New XC coach ready for program’s 50th anniversary

Category:  Sports
Wednesday, September 12th, 2018 at 5:17 PM

Edinboro’s cross country teams have reported to Coach Foster a few weeks before the semester begins for fall camp every year since 2016, and this year was no different.

Except in 2018, Coach Foster had a new face.

That’s because Ryan Foster, who led the Fighting Scots to cross country and distance track success since joining the program in 2016, left in the spring to take a position at the University of Tennessee. This year, the distance runners reported to Clayton Foster, who had coached at Adams State University since 2013.

Clayton Foster took possession of a women’s cross country program which finished first in the PSAC championships and NCAA Division II Atlantic Region championships last year, and a men’s cross country program which placed second at those meets. Head Track and Field Coach and Director of Cross Country Operations Anne Cleary said the new coach brings even more winning experience to the program.

“His experience was a huge thing. He’s obviously very young, but the experience he has had in his short coaching career is huge,” she explained. “He spent the last five years at Adams State, which I don’t even think is arguably, I’d say it is the best Division II track and cross country program, and definitely from a distance track standpoint, in the nation.”

Cleary is hardly alone in her regard for Adams State, which is widely considered a powerhouse in Division II running. Since 2013 when Foster joined the program, Adams State won six combined NCAA Division II national cross country championships. They won a further three combined national championships in indoor track and field.

He credited Director of Cross Country and Track and Field Damon Martin for mentoring him and helping him develop as a coach during his time at Adams State.

“It all boiled down to you have to be a mentor to the kids and you have to be someone who’s extremely supportive and high-energy, and [you have to] just constantly be helping them become better individuals — not just better athletes,” he said of Martin’s teachings.

As a student-athlete at the University of Minnesota-Moorhead, he qualified for the national championships in the 800-meter run, the mile, the 1500 and the 4x400 relay. He also holds the school record in the 800 and was part of the school-record 4x1600 relay team in 2012.

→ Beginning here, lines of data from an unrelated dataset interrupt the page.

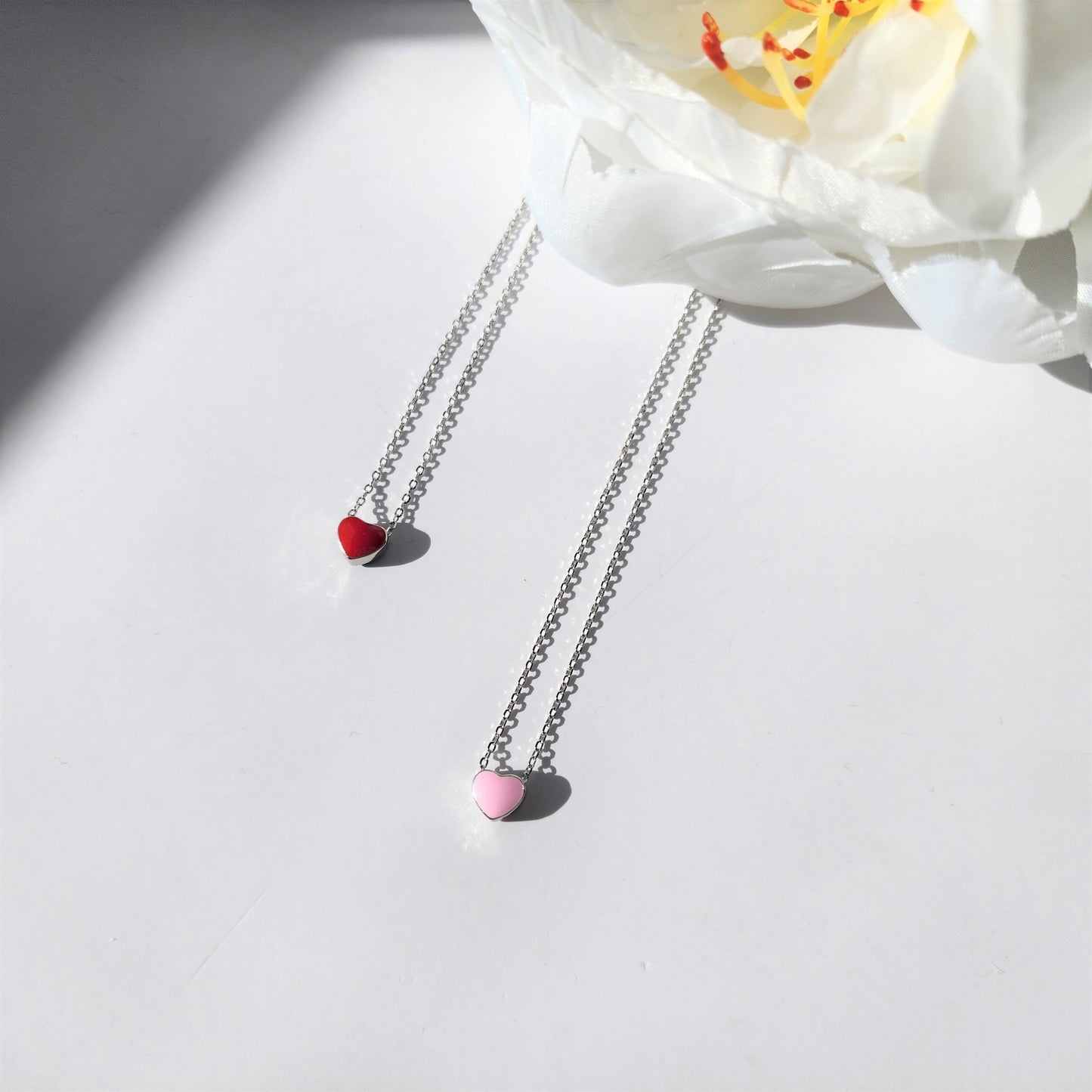 Mini love heart necklace, 925s silver necklace, Valentine's gift, gift for her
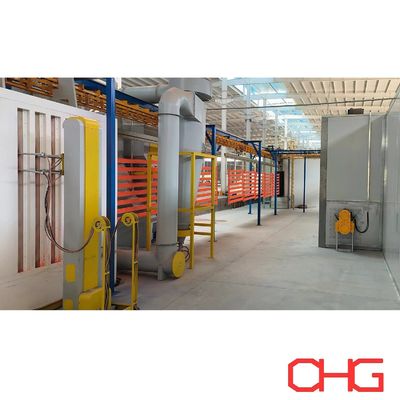 Linia powlekania proszkiem podłoża metalowego z bezenergetycznym systemem przenośnika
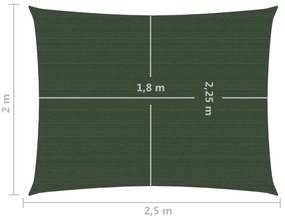 Πανί Σκίασης Σκούρο Πράσινο 2 x 2,5 μ. από HDPE 160 γρ./μ² - Πράσινο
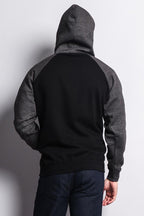 Contrast Raglan Sleeve Pullover Hoodie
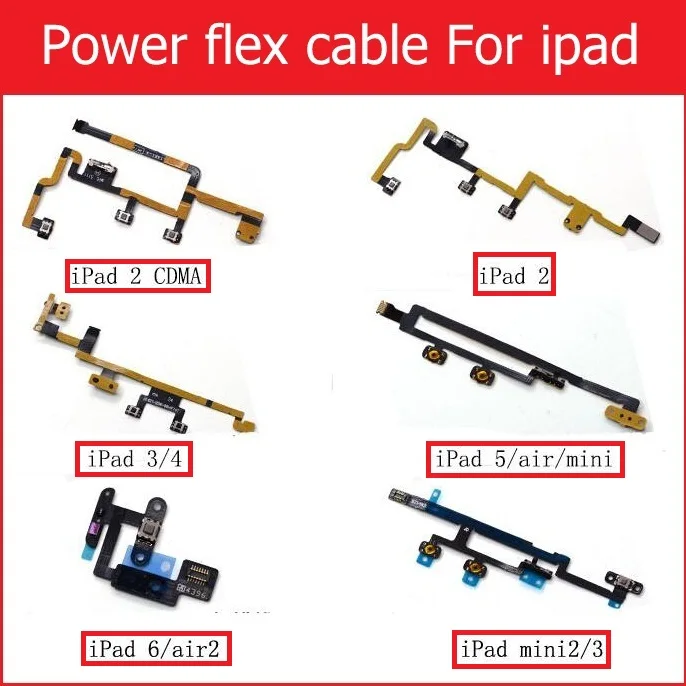 Оригинальный гибкий кабель питания и громкости для ipad 2 3 4 5 6 air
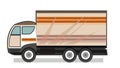 Little car truck. Vector. Cartoon. Flat. A small truck for transporting goods. Cargo services. Auto freight.Delivery consignment.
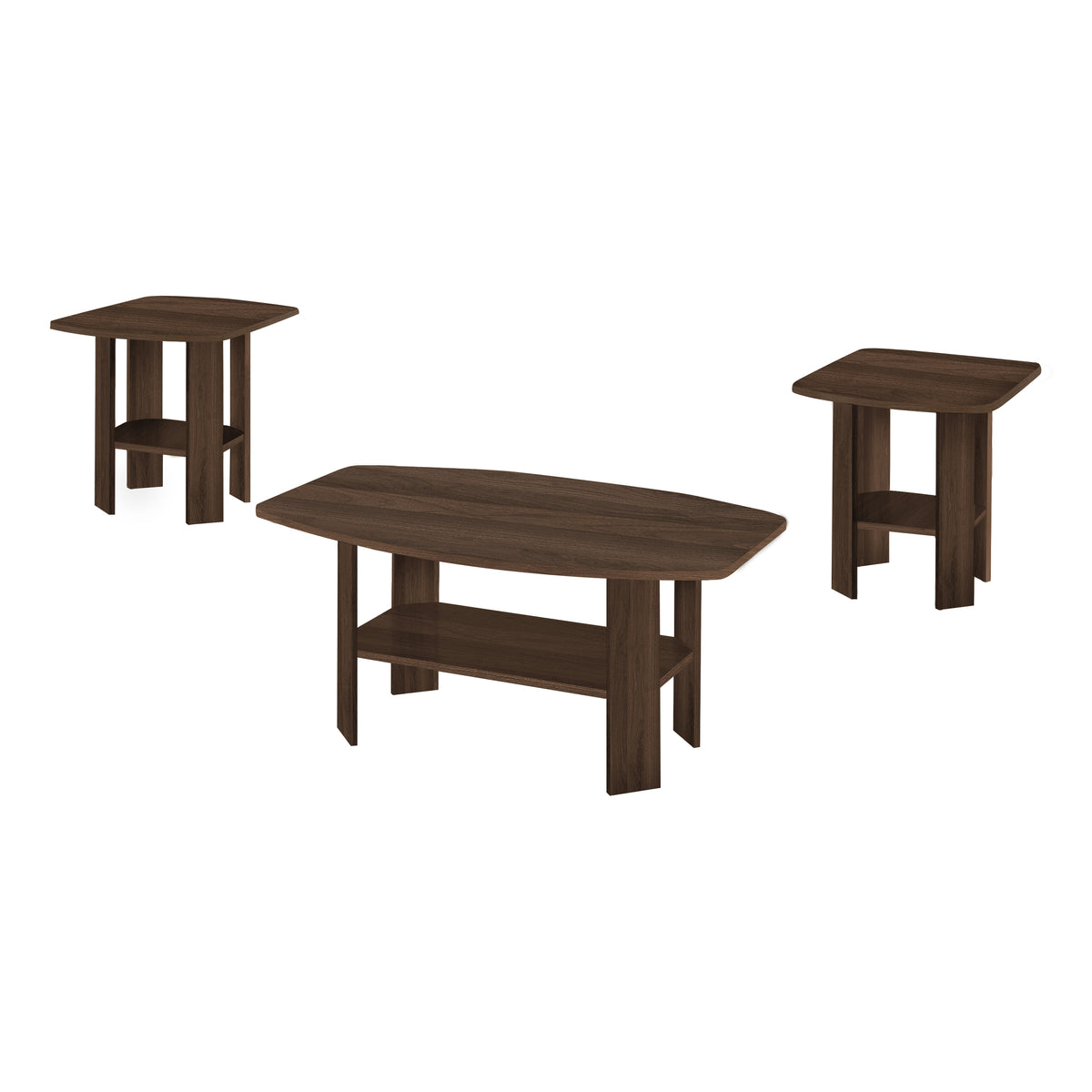Table Set, 3pcs Set, Coffee, End, Side, Accent, Living Room, Walnut Laminate, Transitional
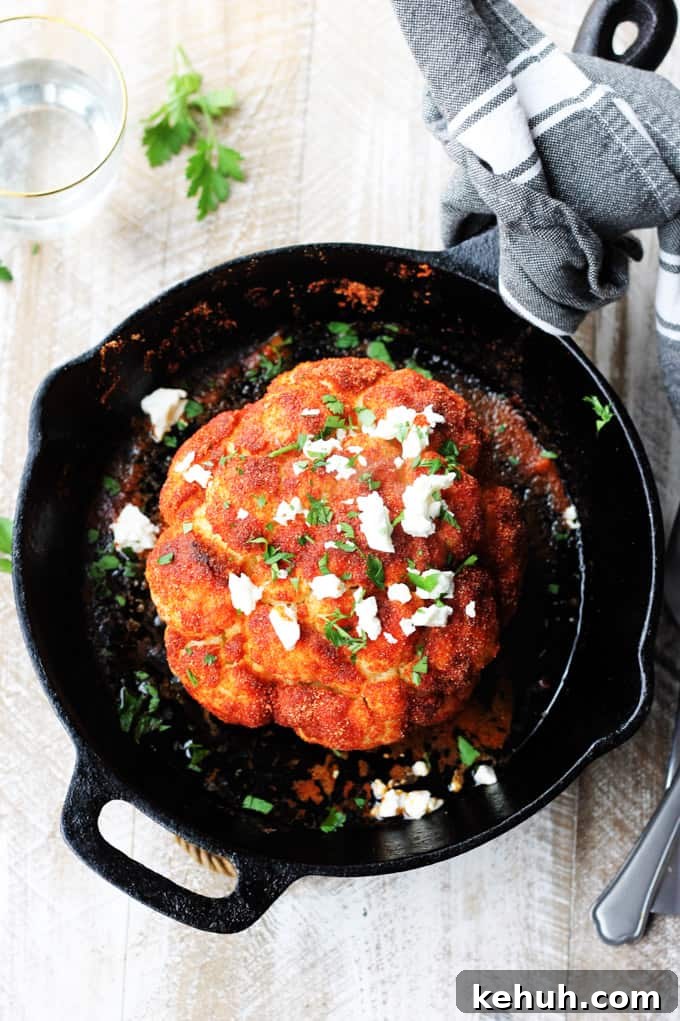 Roasted mediterranean cauliflower in a skillet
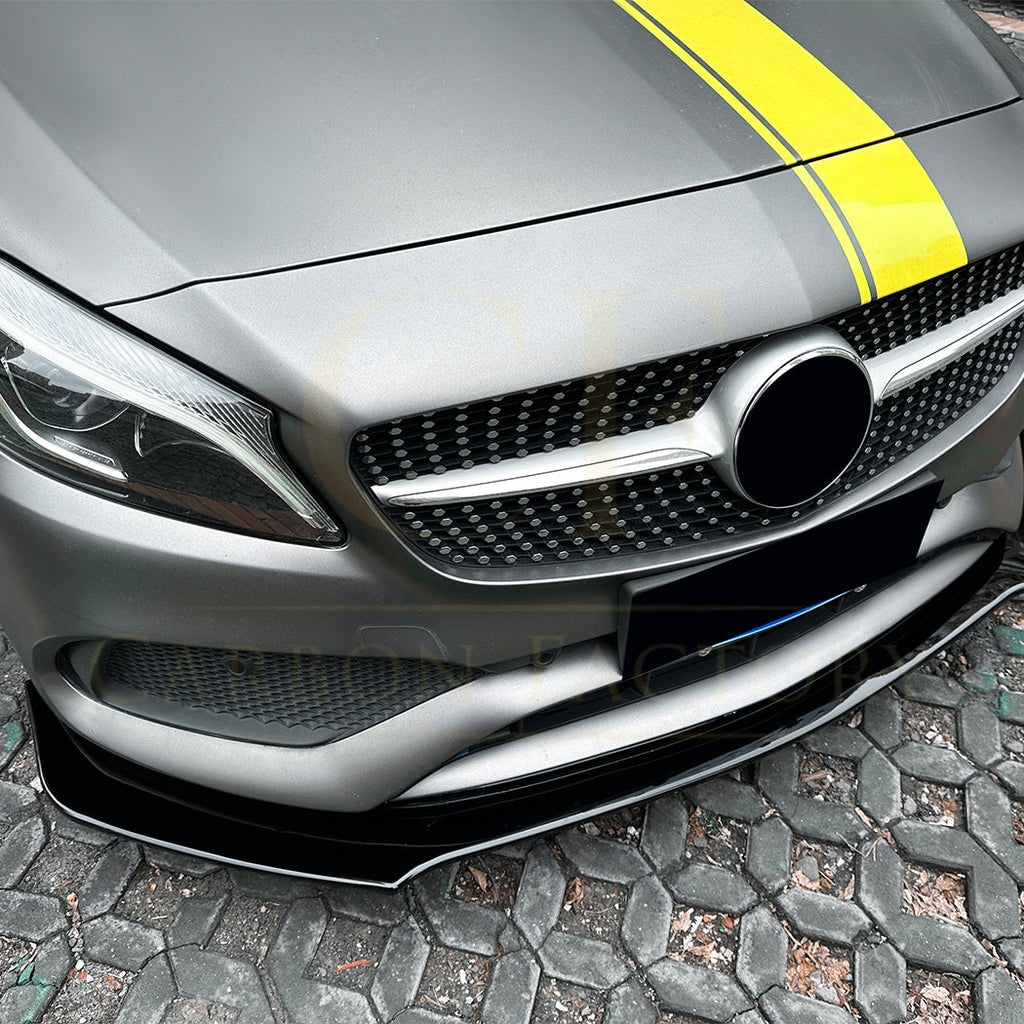 V Style (1 pcs) Gloss Black Front Splitter for Mercedes Benz W176 A Class AMG 13-18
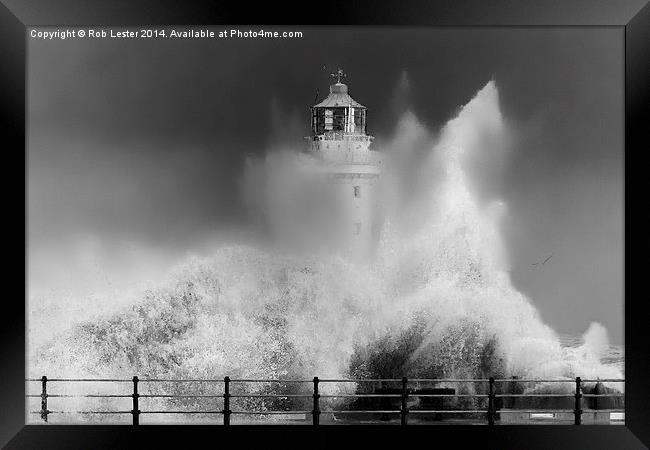 Water explosion Framed Print by Rob Lester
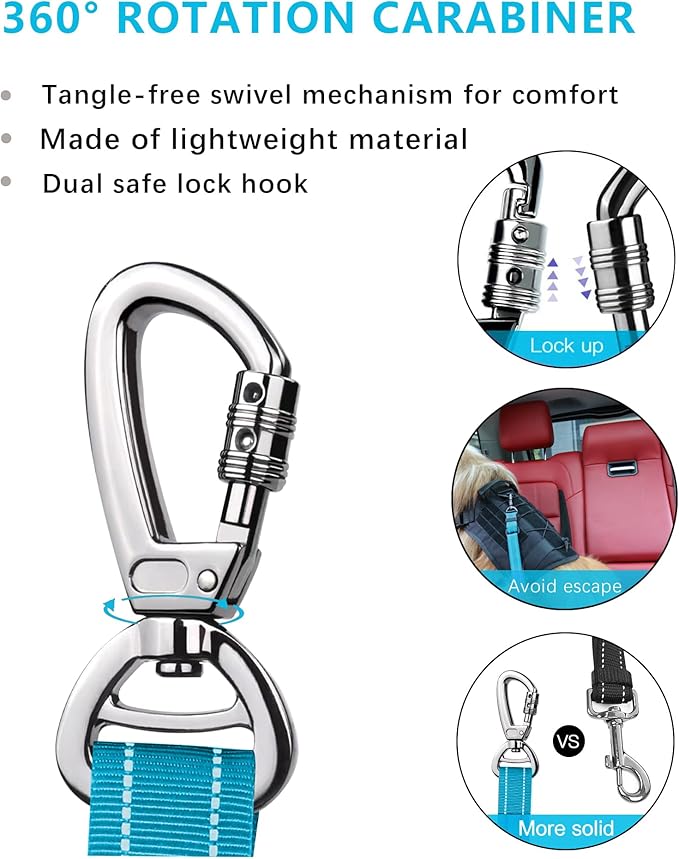 AUBELL Dog Seat Belt for Car,2 Pack Set 3-in-1 Adjustable Reflective Bungee Heavy Duty Dog Car Harness Tether with Clip Hook Latch &amp; Buckle,Swivel Zinc Alloy Carabiner,Black+Blue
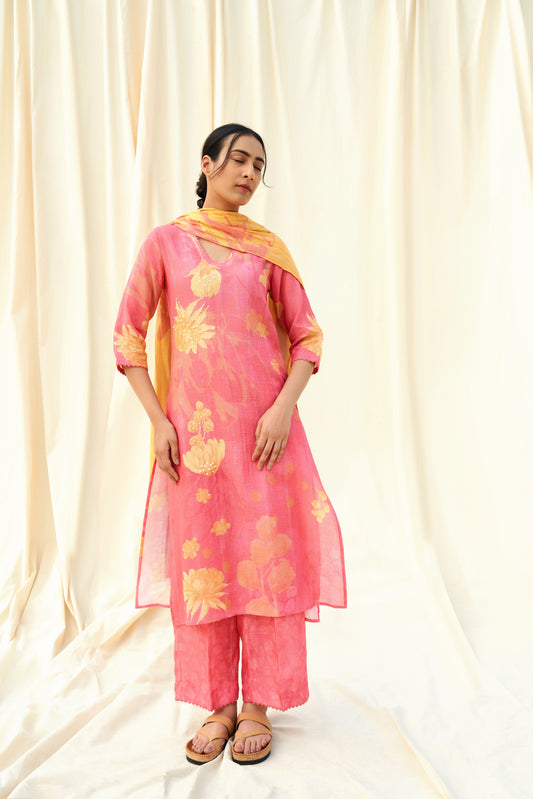 Cuore Linen Dupatta Set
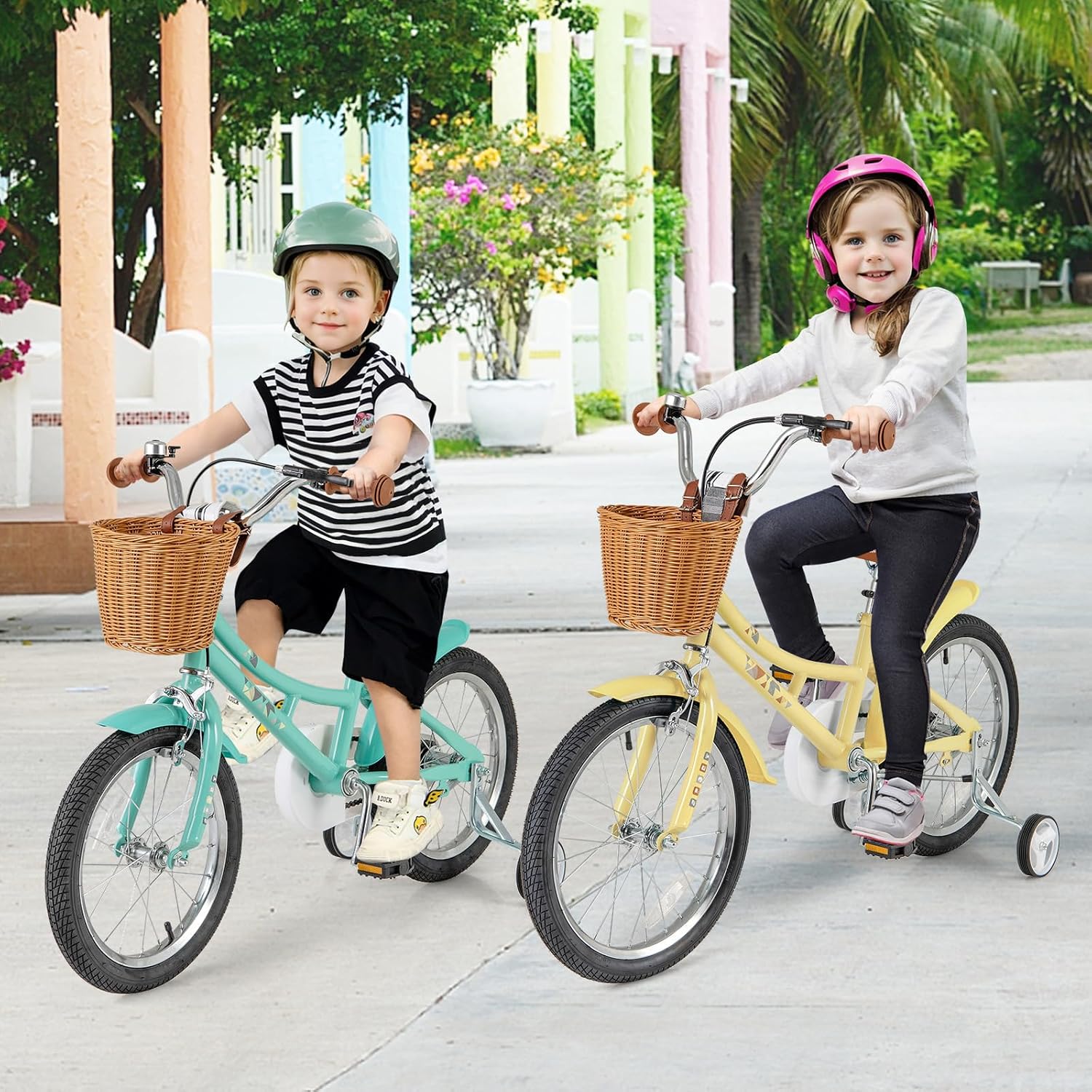 BABY JOY Retro Kids Bike, 12 14 16 18 Inch Child Bike for 3-8 Years Old w/Rattan Basket, Adjustable Height, Training Wheels, Fenders, Handbrake Coaster Brake, 95% Pre-Assembled Kids Bicycle for Girls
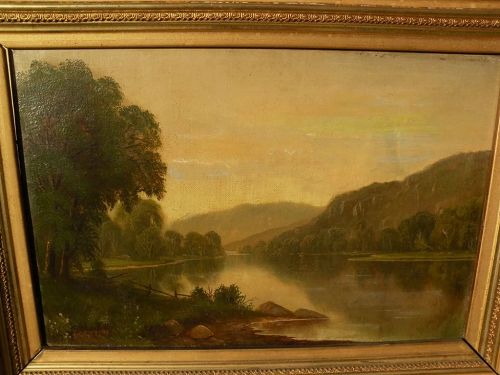 DANIEL CHARLES GROSE (1838-1900) 19th century American art early summer river landscape in Hudson River style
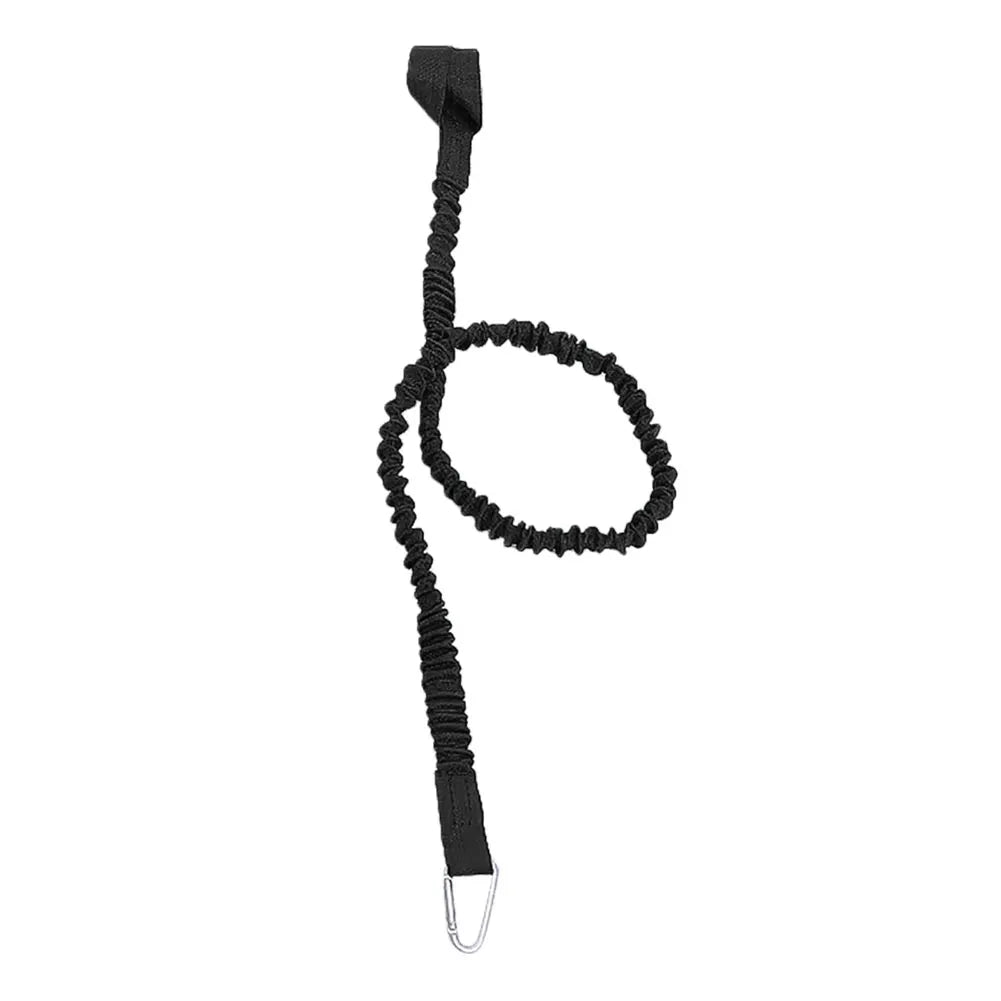 Adjustable Elastic Kayak Rod Lanyard - Canoe Paddle Leash - Fishing Rod Leash - Safety Rope - Carabiner - Rowing Boats Accessories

He said he was drawn to the coaching position at Edinboro because of the small-town environment he would be surrounded by, along with the support he received from alumni in the hiring process.

“I grew up in a really small town,” he said. “[Adams State is in] a small town. Here’s just a place that when we came here on our visit, my wife and I, we felt that it was a great place to raise a family.

“[Edinboro’s alumni] reminded me a lot of what the Adams State alumni are like. They’re reaching out, constantly asking and seeing how the team is doing or what’s happening, and I’ve already received a lot of that here.”

He takes control of a cross country program that will celebrate its 50th anniversary and host the PSAC conference meet later this year. They will host a 50th anniversary reunion event as well.

“Tradition is very seldom as rich as it is here, and so I’m extremely excited to be a part of it now and build it,” Foster said. “I look forward

to the 50th anniversary of the program. That’s something special. Hosting PSACs? That’s going to be awesome. I plan to put on a sweet event.”

Cleary said Foster knows what it takes to guide Edinboro’s runners to consistently place high and become All-Americans, which will hopefully draw more interest for the sport.

“We want to have a lot of people here for our conference meet,” Cleary said. “And I think the better our kids do, the more you’re going to hear people saying, ‘Hey, I want to go out and watch a cross country meet.’ Which is maybe something a lot of people don’t say very often.”

Now that Foster is here, he’s ready to hit the ground running. He said his hiring process — which included being interviewed by a student-athlete panel — helped him get to know his athletes, and the upperclassmen have helped ensure the younger teammates feel comfortable despite having a different coach from the one that recruited them to join the university.

With both teams’ successes last year, Foster recognizes what his athletes are capable of.

He wants more.

“You have your entire life to be average, so these four years or five years, I’m going to get you out of your comfort zone and motivate you and care for you,” he said. “But I’m also going to really press you and try to get you to do something you never thought possible.”